Load-bearing premise
The specific missed injection cases examined are fully representative of the original pipeline behavior and that re-evaluation of noise statistics, labels, cuts, S/N formulas, and RFI flags introduces no new unaccounted selection effects.
What would settle it
Discovery of even one high signal-to-noise missed injection that cannot be attributed to any combination of noise statistics, mis-labelling, data cuts, incorrect S/N calculations, or radio frequency interference.
Figures
read the original abstract
Searches for fast radio bursts (FRBs) are underway at a growing number of radio telescopes worldwide. The sample size is now sufficient to enable many investigations into the population properties. As such, understanding the true sensitivity thresholds, effective observing time expended, survey completeness and parameter space coverage has become vital for calibrating the observed distributions. Recently the Molonglo FRB search team reported on their, as yet unique, efforts to inject synthetic FRB signals into their telescope data streams. Their results show 10 percent of injections being missed, even at very high signal-to-noise (S/N) ratios. Their pipeline employs components considered standard across several telescopes so that the result is potentially alarming.
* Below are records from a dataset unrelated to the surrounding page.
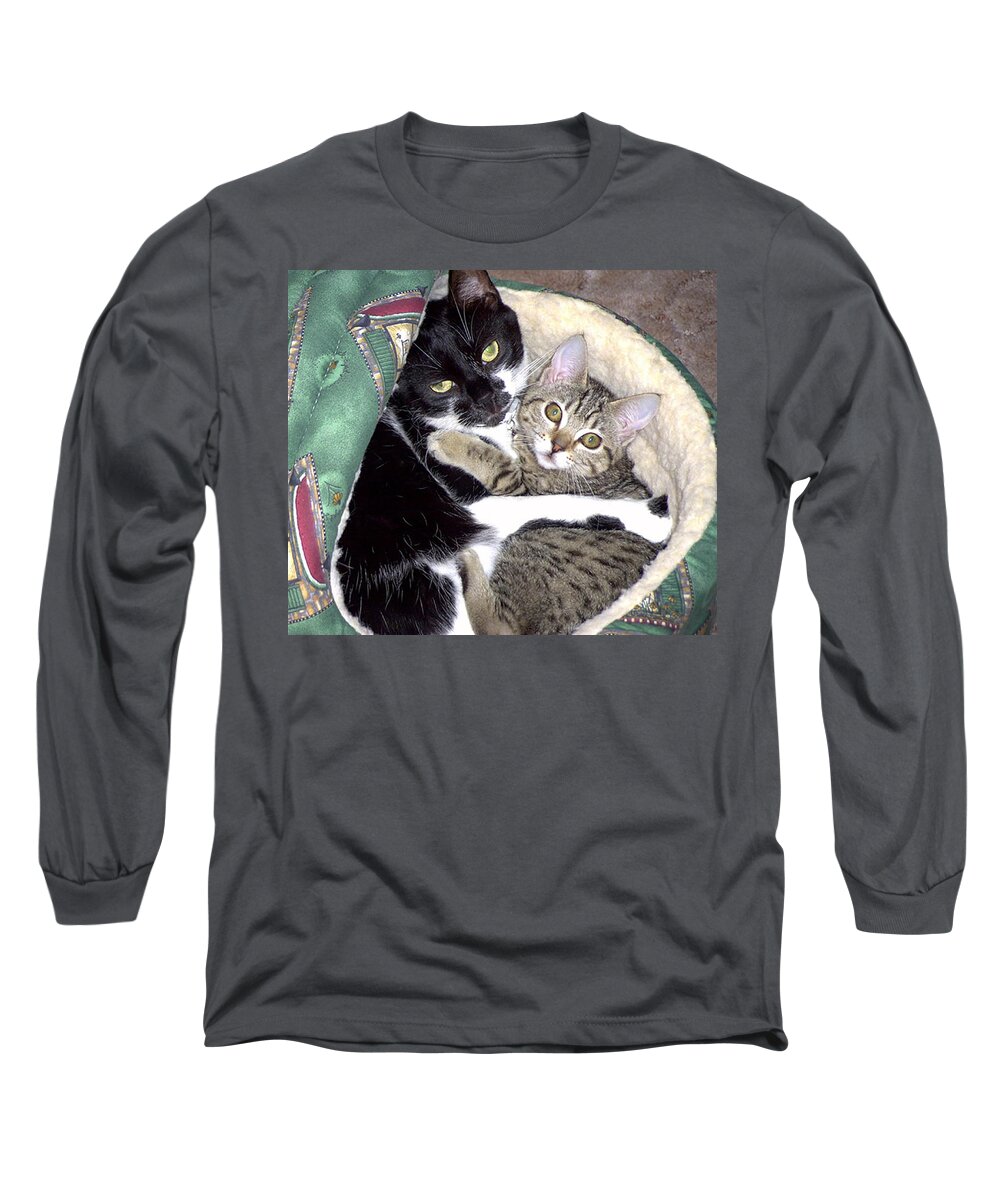 Cat Long Sleeve T-Shirt featuring the photograph Princess And Little Rocky by Carl Deaville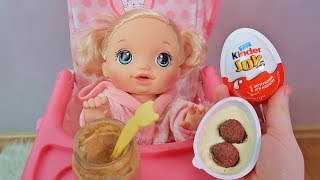 Куклы Пупсики Беби Элайв Соня Кушает Сюрприз Киндер Джой Зырики ТВ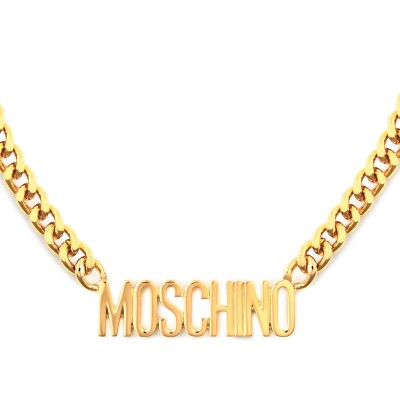 аксесоари,на,разпродажба,moschino,lettering,necklace,gold,a0606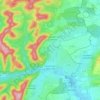 Mapa topográfico Dossenheim, altitud, relieve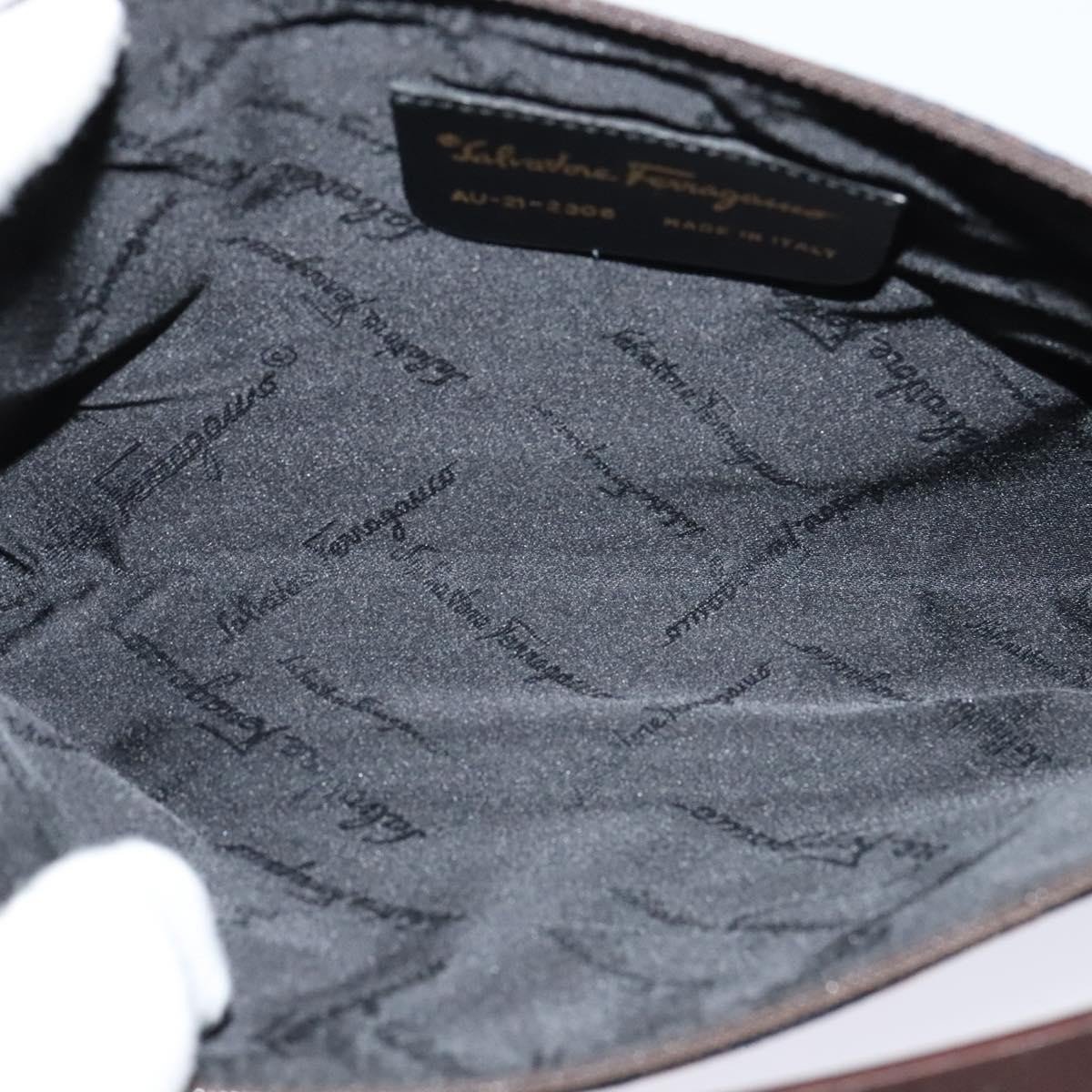 Salvatore Ferragamo Gancini Canvas Navy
In this paper we present a further look at these missed injections. It is shown that all of the missed injections can be explained by combinations of the noise statistics, mis-labelling, overly harsh data analysis cuts, incorrect S/N calculations and radio frequency interference. There is no need to be alarmed.
Editorial analysis
A structured set of objections, weighed in public.
Referee Report
Summary. The manuscript re-examines the 10% of synthetic FRB injections missed by the Molonglo pipeline (even at high S/N), attributing every miss to combinations of noise statistics, mis-labelling, overly harsh data analysis cuts, incorrect S/N calculations, and radio frequency interference, and concludes there is no need to be alarmed about pipeline completeness.
Significance. If the case-by-case attributions are exhaustive and free of new selection effects, the result would reassure users of standard FRB search pipelines that high-S/N completeness is not systematically compromised, supporting reliable population statistics from ongoing surveys.
major comments (2)
- [Abstract] Abstract: the claim that 'all of the missed injections can be explained' by the five listed factors lacks any quantitative summary (e.g., fraction of the 10% misses assigned to each cause, or post-correction recovery fraction), making it impossible to verify exhaustiveness or rule out a residual unexplained population.
- [Abstract] Abstract: the central conclusion rests on the untested assumption that the specific missed-injection cases examined are representative and that re-deriving labels, cuts, S/N values and RFI flags on those cases alone introduces no new completeness biases; no test or coverage statistic is provided to address this.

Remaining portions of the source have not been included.